Co to znaczy "największa"? Liczebnie, finansowo a może, mandatami, poparciem w rankingach?
Programy Pisu, ludowców, platformy czy lewicy w wielu punktach mogą być zbieżne,to nie katastrofa. Każdy idąc po władzę ma za zadanie dbać o dobrobyt obywateli, siłę gospodarczą czy poważanie na arenie międzynarodowej. Różnica w sposobie wdrażania programu w życie. Niestety, ostatnie pięć lat to "nieustające pasmo sukcesów" rządzącej partii: rozdawnictwo, synekury w spółkach, spadek szacunku w Europie i kupowanie głosów elektoratu za jego pieniądze.
Rozwiązanie? Oczywiście wybory, w których uda się opozycji pokonać Polską Zjednoczoną Partię Prawicy, stworzyć silny rząd i zacząć sprzątanie. Nie wykluczam udziału nikogo spośród myślących. Nawet w Konfederacji widzę osoby kierujące się prawem, choćby p. Wilk. Niezbędna jest tylko chęć współpracy, kompromis dla wspólnego celu: POLSKA.

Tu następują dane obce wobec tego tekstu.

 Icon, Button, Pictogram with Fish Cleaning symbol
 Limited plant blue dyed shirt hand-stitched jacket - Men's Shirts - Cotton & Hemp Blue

Komentarz został usunięty ponieważ nie spełniał standardów społeczności.
Dziękuję za ten wpis. Przez jakiś czas Janusz Korwin Mikke imponował mi. Jednak dość szybko odwróciłem się od niego. Twój wpis – zwolennika Korwina – potwierdza, że moja decyzja była trafna.
Komentarz został usunięty ponieważ nie spełniał standardów społeczności.
Jeżeli miałbym dojść do wolności lub jakiegokolwiek innego celu w twoim towarzystwie, to wysiadam.
Komentarz został usunięty ponieważ nie spełniał standardów społeczności.